This is not at all the novel I had imagined when Wolfe said that it would be about clones of authors filed in a library. I had been thinking that the novel would feature several famous authors solving a murder mystery, speaking in pastiches of their own styles, with sly references to their novels popping up here and there. I’d still like to read that novel sometime. I also keep wanting Wolfe to return to the elegant and baroque style of The Fifth Head of Cerberus (1972), Peace (1976), and The Book of the New Sun series (1980–’83), but he doesn’t want to. Instead, his style has become more and more spare, more reliant on dialogue rather than description or meditative passages. This novel may have a gentle lesson about why my expectations are irrelevant, and that is one of the things I will be exploring.
But back to the ghosts. My plot summary indicates some of the ways in which a reader may be haunted by allusions this novel. There is the reclone’s name, reminiscent of E. E. “Doc” Smith, a beloved SF writer of the golden age whose books may not be flying off the shelves anymore and thus are in danger of disappearing from libraries. Or perhaps it reminds us of Clark Ashton Smith, whose “The Hashish Eater –or– The Apocalypse of Evil” (1920) is quoted late in the book. He too may no longer be checked out of the library, and his work, which ranges over SF, fantasy, and horror, between prose and poetry, may be close to Wolfe’s heart. This character, however, writes mystery stories, and the plot, with its sinister family and jungle greenhouse — although it’s not a greenhouse, it’s an actual jungle on another planet — invokes Raymond Chandler’s The Big Sleep (1939).
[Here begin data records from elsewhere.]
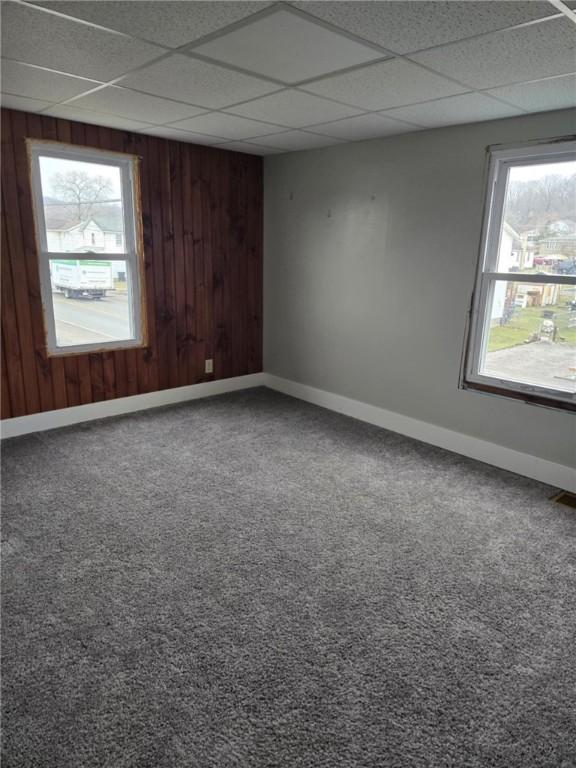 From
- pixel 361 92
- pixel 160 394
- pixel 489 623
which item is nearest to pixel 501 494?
pixel 489 623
And the jungle world: Is that a reference to Wolfe’s middle volume of The Book of the Short Sun, In Green’s Jungles (2000)? The reader is haunted by these and other literary references.
The writer may be haunted, too. As is true for authors in general, Wolfe’s characters must haunt his imagination, arise out of his memories, and so gain substance. Beyond that, his narrator is an author: that is, the memories of the narrator are those of an author. In thinking about what the novel says about the relationship between author and narrator, I began to understand why my expectations are irrelevant. Wolfe’s decision to write more sparingly goes beyond the writer’s workshop dictum of showing versus telling. Wolfe demonstrates here that the writer changes over time, that he is a human with different ways of being at different times in his life. In The Fifth Head of Cerberus (1972) he showed the stagnation of cloning one’s self, one’s ideas, one’s ways of being: what might have been a step toward greater things becomes stepping in place, and nothing and no one changes. Here the writer, E. A. Smithe, is trapped in a new body, one that longs to speak in its own voice and does so when he writes, but when he speaks, he is enslaved to the old “writerly” voice controlled by memories that are not his own. Wolfe is trapped in a body that is getting older all the time (as they do) but doesn’t want the writer inside to stagnate by repeating past modes. Rather than an old voice in a young body, like the reclone’s, Wolfe’s newer writing may demonstrate new voices in the old body of the experienced writer, in the body of work.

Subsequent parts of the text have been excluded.